Processors and Transforms

Processors run on telemetry data between the receiver and the exporter. They are the primary tool for reducing volume, dropping noise, and enriching data before it reaches Last9.

This guide covers the four processors most commonly used in production deployments:

Processor	What it does
`filter`	Drop spans, logs, or metrics that match a condition
`transform`	Rename, enrich, or modify telemetry using OTTL expressions
`memory_limiter`	Prevent the collector from OOMing under traffic spikes
`batch`	Buffer and flush data in efficient batches

All processors must be listed in the service.pipelines section to take effect.

filter processor

The filter processor drops telemetry that matches one or more OTTL conditions.
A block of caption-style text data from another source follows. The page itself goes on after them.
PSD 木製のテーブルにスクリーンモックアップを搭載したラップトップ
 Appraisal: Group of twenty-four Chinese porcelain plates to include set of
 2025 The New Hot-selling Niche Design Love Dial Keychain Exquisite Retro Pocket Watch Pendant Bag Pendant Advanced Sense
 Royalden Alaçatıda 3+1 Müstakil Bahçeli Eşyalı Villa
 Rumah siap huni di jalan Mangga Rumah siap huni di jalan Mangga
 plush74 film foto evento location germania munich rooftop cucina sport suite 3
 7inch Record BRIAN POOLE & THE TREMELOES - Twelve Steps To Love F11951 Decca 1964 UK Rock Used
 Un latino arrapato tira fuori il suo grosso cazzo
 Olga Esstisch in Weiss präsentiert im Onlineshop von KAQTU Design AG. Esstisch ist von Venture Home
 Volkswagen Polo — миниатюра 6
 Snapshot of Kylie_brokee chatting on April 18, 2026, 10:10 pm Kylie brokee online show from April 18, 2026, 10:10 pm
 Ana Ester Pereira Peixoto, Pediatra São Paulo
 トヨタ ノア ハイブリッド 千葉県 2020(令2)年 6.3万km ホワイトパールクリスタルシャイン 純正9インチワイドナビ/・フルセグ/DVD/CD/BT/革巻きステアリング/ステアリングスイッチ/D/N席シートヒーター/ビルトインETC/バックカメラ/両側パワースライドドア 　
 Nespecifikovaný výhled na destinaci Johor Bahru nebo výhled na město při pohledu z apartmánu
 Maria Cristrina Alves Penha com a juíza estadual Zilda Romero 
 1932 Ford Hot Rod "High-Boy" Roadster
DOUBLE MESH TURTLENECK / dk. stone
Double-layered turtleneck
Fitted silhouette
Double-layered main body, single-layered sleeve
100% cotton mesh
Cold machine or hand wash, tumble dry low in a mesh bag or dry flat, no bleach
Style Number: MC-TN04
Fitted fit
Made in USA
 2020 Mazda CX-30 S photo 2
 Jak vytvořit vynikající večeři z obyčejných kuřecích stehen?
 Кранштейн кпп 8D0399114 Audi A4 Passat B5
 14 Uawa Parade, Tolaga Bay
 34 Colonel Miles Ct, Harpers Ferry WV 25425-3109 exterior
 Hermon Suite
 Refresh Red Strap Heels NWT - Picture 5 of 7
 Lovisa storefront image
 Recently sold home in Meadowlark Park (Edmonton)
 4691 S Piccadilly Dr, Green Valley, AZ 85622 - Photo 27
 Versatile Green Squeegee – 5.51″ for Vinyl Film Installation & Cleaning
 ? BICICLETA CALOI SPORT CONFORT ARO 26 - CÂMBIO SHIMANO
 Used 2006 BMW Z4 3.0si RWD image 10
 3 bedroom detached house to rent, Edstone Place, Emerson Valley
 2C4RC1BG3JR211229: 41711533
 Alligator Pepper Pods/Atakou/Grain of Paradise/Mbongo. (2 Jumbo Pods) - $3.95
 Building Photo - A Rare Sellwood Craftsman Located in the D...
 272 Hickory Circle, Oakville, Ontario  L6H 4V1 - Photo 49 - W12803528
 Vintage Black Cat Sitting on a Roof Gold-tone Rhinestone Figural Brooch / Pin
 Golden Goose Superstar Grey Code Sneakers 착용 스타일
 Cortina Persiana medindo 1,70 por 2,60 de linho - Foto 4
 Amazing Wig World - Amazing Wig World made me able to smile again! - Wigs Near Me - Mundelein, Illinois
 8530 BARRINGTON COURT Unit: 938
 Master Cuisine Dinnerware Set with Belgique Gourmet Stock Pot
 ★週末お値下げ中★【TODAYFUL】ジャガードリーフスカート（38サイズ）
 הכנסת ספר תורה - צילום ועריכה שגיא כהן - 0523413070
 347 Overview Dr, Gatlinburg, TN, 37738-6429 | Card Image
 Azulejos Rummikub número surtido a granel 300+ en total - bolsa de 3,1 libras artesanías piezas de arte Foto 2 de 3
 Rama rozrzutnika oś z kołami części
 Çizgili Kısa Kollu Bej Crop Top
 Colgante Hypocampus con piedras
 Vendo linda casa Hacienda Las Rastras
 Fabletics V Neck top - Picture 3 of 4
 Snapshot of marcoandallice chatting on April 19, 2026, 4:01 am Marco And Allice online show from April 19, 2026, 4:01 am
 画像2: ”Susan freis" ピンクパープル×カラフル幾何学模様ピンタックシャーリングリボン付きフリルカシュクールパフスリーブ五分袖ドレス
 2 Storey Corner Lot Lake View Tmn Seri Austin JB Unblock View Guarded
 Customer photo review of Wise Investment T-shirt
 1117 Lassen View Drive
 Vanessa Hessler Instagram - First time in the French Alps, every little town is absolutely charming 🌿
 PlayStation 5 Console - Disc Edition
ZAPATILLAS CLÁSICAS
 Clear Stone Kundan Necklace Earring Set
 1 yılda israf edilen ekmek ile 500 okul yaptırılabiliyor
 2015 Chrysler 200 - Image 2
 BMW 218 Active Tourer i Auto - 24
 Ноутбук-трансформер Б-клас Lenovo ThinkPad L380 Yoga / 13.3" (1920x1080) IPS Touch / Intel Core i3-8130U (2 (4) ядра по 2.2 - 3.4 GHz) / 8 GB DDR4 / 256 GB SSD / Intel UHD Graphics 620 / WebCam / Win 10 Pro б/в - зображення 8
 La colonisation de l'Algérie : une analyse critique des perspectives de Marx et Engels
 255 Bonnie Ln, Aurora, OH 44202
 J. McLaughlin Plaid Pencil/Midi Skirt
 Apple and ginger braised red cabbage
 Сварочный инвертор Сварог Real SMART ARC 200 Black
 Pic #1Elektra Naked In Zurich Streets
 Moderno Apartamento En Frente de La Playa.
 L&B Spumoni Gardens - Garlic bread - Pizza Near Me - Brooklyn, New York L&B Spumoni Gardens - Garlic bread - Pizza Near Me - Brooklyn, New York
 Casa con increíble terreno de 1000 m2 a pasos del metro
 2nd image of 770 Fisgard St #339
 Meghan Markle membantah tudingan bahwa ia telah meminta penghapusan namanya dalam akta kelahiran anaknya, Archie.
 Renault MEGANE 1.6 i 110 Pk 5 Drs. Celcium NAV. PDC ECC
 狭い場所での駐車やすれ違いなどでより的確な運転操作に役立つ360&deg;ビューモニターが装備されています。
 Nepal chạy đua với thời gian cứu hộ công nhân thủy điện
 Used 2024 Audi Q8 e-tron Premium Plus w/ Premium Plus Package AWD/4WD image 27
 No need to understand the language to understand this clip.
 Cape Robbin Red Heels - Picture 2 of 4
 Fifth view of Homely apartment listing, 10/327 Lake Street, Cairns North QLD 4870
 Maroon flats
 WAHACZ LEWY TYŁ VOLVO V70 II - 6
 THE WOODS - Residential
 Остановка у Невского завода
Use it to eliminate spans, logs, or metrics that add volume without adding value.

Drop internal spans

Internal spans from frameworks like GraphQL routers, ORM layers, and service meshes can account for the majority of your trace volume. Drop them to reduce ingestion by up to 60–70%:

processors:
  filter/drop_internal_spans:
    error_mode: ignore
    traces:
      span:
        - 'kind == SPAN_KIND_INTERNAL and status.code != STATUS_CODE_ERROR'

Drop internal spans for specific services

When you need finer control — for example, dropping internal spans only from known high-volume services:

processors:
  filter/drop_internal_spans:
    error_mode: ignore
    traces:
      span:
        - 'resource.attributes["service.name"] == "gql-router" and kind == SPAN_KIND_INTERNAL'
        - 'resource.attributes["service.name"] == "kong" and kind == SPAN_KIND_INTERNAL'
        - 'resource.attributes["service.name"] == "api-gateway" and kind == SPAN_KIND_INTERNAL and status.code != STATUS_CODE_ERROR'

Drop database noise spans

Transaction bookkeeping spans (BEGIN, COMMIT, ROLLBACK) inflate trace counts without providing actionable information:

processors:
  filter/drop_db_noise:
    error_mode: ignore
    traces:
      span:
        - 'attributes["db.system"] != "" and IsMatch(name, "^(BEGIN|COMMIT|ROLLBACK)$")'

Drop logs by severity

Drop DEBUG and TRACE logs to reduce log volume in production. Logs at INFO and above pass through:

processors:
  filter/drop_debug_logs:
    error_mode: ignore
    logs:
      log_record:
        - 'severity_number < SEVERITY_NUMBER_INFO'

Drop redundant metric buckets

For Prometheus histograms, you often only need one of _count, _sum, or _bucket depending on your use case. Drop the ones you don’t query:

processors:
  filter/drop_histogram_sum:
    error_mode: ignore
    metrics:
      datapoint:
        - 'IsMatch(metric.name, ".*_sum$")'

transform processor

The transform processor modifies telemetry in place using OTTL statements. Use it to rename spans, normalize operation names, add missing attributes, or fix instrumentation gaps.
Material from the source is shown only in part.